I don't spend much time following the U.S. presidential campaign. My assumption is that every candidate will promptly forget everything he promised as soon as he is inaugurated. This is particularly true if the promise is to limit governmental powers or authority. For instance, candidate Obama promised to close Guantanamo Bay prison, end warrantless wiretapping, and limit the application of the Patriot Act. Of course, none of these things actually happened.
One promise candidate Obama did follow through on was to "shut down offshore tax havens." While he hasn't succeeded in doing so, the FATCA law his administration pushed through Congress in 2010 is likely to cut off most access to international financial services by U.S. citizens or permanent residents. (Click here for my most recent post on FATCA).
Now, the offshore financial sector has once again become a campaign issue. This summer, the Republican Party will select a candidate to oppose Obama's re-election in November. And Republican opponents to front-runner Mitt Romney portray him as someone who (boo, hiss) ruthlessly uses international financial centers at the expense of American workers and taxpayers. For instance, in a series of attack ads run by supporters of former Speaker of the House Newt Gringrich equates Romney's offshore dealings with the loss of thousands of U.S. jobs.
Outside of politics, Romney headed up a private equity firm, Bain Capital. And it is the offshore dealings of Bain that have drawn so much criticism. However, it's understandable why Bain uses international financial centers in its business. Basically, it's to shield foreign investors in Bain's private equity deals from paying U.S. taxes for their investments in U.S. companies. There's nothing at all illegal about this arrangement, but it makes for a great mudslinging opportunity.

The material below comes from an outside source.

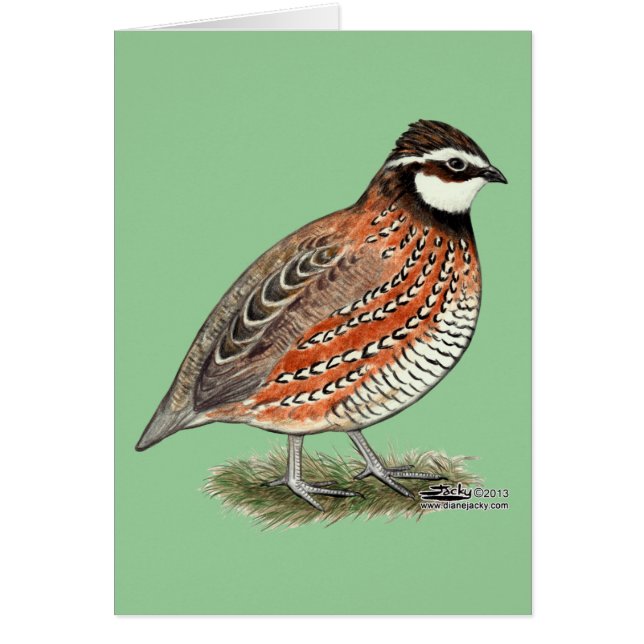 Rooster Bobwhite Quail (Devant)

Nor does this arrangement cost the U.S. economy jobs. Quite the contrary. Foreign investors put millions of dollars at Bain's disposal to make investments in U.S. companies, which in turn employ U.S. workers. Why is this bad?
In any event, I think the fireworks have only started over this issue. If Romney is nominated, count on incumbent Obama to attack the Republican candidate for his involvement in "notorious" offshore tax havens. Obama will point to FATCA as evidence of his commitment to force U.S. citizens and residents "evading tax" in said "notorious offshore tax havens." Of course, he'll ignore the fact that prominent Democrats routinely utilize tax havens for business and investment purposes, including as Bill Clinton, John Kerry, John Edwards, and Robert Rubin.
Incidentally, while I think Romney will get the Republican nomination, I don't support him for other reasons, which mainly relate to foreign policy and civil liberties. Romney opposes any significant reduction in the size of the U.S. military. He also wants to use U.S. military power to achieve U.S. foreign policy objectives, such as attacking Iran to prevent that country from developing nuclear weapons.
On the civil liberties front, Romney proposes wiretapping mosques to help fight the War on Terror. And then there are these gems from Mitt:
"I hear from time to time people say, hey, wait a second, we have civil liberties we have to worry about. But don’t forget the most important civil liberty I expect from my government is my right to be kept alive, and that’s what we’re going to have to do."
"Conservatives believe in providing constitutional rights to our citizens, not to enemy combatants like Khalid Sheikh Mohammed. Not on our watch. A conversation with a would-be suicide bomber will not begin with the words, "'You have the right to remain silent.'”
Still, if Mitt is elected, we might see his administration slightly relaxing the burdens of implementing the FATCA law, along with long-overdue reforms to the U.S. Tax Code. But I'm not holding my breath.